Выбрать главу

Такой подбор авторов, пишет Азимов, дал интересные результаты: «Задолго до того, как человечество стало задумываться над тем, куда заведет нас распад атома урана, птенцы Кэмпбелла изобретательно и умело раскрывали перед читателями последствия этого открытия». Подтверждением сказанному служат рассказы Хайнлайна «Неудовлетворительное решение» (1941) и К. Картмилла «Предельный срок» (1944). Любопытная деталь: оба рассказа заставили ФБР заподозрить утечку военных тайн, тогда как на самом деле это были всего лишь результаты дедукции на основе опубликованных данных. В таком же духе, с опережением реальных возможностей аргументировались повести о межпланетных путешествиях, роботах, компьютерах и т. д.

Не все писатели этой группы имели хорошую научную подготовку. Азимов среди них был самым образованным. Но все они понимали — по крайней мере так считает Азимов, — что в мире происходят быстрые перемены, и судьба человечества зависит от того, как будут использованы достижения науки и техники, как будут решены назревшие задачи, прежде чем станут неразрешимыми.

Нельзя, однако, забывать, что в социологических построениях миров будущего так или иначе все они технократы. Беспредельные научно-технические возможности, как правило, прилагаются к прежнему базису и неизменным по сути экономическим отношениям. Критика системы идет «изнутри» и почти никогда — «извне».

Однако, если присмотреться внимательней, группа была не столь уж единой. А позднее выявились и политические расхождения (например, Хайнлайн отошел на крайне правый фланг). Но в те времена «птенцы Кэмпбелла» подняли американскую научную фантастику на значительно более высокий уровень.

В фантастической социологии Азимов не составляет исключения. Здесь он гораздо слабее, чем в научно-техническом моделировании. Ученый по складу мышления, он тщательно мотивирует свои допущения с учетом всех возможных последствий, логически вытекающих из исходного тезиса. Он умеет создавать иллюзию правдоподобия и в тех случаях, когда сюжетные предпосылки заведомо умозрительны.

Нередко его упрекают в чрезмерной наукообразности стиля, в недостаточном внимании к внутреннему миру героев, становящихся «рупорами идей». И в самом деле, книгам Азимова порой не хватает человеческого тепла, непосредственных жизненных ощущений. Он и в фантастике остается ученым, и ученый, случается, подавляет художника. Однако бывает и так, что жесткие, «головные» конструкции не выдерживают натиска эмоций, и тогда возникают шедевры, такие, как «Уродливый мальчуган» — торжествующий гимн материнскому чувству. Оно, это изначальное чувство, пробуждается у одинокой женщины в совершенно исключительных обстоятельствах, когда преданность равносильна самопожертвованию.

Азимов — поэт мысли. Он подкупает не оттенками и нюансами, не метафорическим языком, а ясным, логичным, увлекательным изложением, необыкновенными событиями, вытекающими из необыкновенных допущений. Тщательное обоснование гипотез обусловливает динамику действия. В рассказах он преимущественно аналитик, в романах предпочитает авантюрный сюжет, соединяющий фантастику с детективом.
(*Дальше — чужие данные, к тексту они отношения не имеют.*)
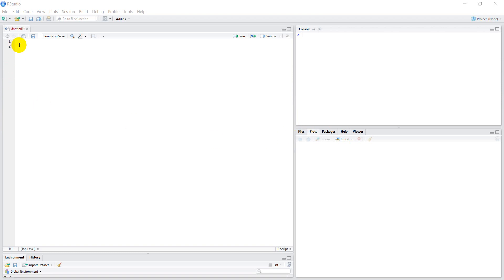I received a request to show how you can save a netCDF as a CSV file in R, and that's what this video is going to be about. It's actually a really easy thing to do, so it should be a pretty short video. Here we are in R Studio.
В научно-фантастической литературе Азимову принадлежат два открытия: он «очеловечил» роботов и «расселил» человечество по всей Галактике.

Механические и биологические роботы (андроиды) создавались в воображении с давних времен. «Попытки создания искусственной жизни, — говорит по этому поводу Азимов, — казались смертным грехом и заслуживали сурового наказания. Одно за другим появлялись произведения, повести и романы, где с мрачной неизбежностью робот уничтожает своего создателя и гибнет сам… Но только в 1939 году, насколько мне известно, некий автор научно-фантастических повестей впервые попытался рассмотреть проблему роботов с позиций технических наук. Без ложной скромности признаюсь, что это был я».

Сформулированные Азимовым «Три закона роботехники» приняты почти безоговорочно как постулат, хотя сам он старается их обходить или придавать им расширительное толкование. Главные герои его рассказов — человекоподобные машины разных конструкций, действующие в трудной обстановке, нередко в критических ситуациях. Общность проблем кибернетики будущего и постоянный образ умнейшей женщины-робопсихолога Сьюзен Кэлвин объединяют рассказы в связный цикл. Книга «Я, робот» оказала, пожалуй, не меньшее влияние на развитие научной фантастики, чем «Машина времени» Уэллса.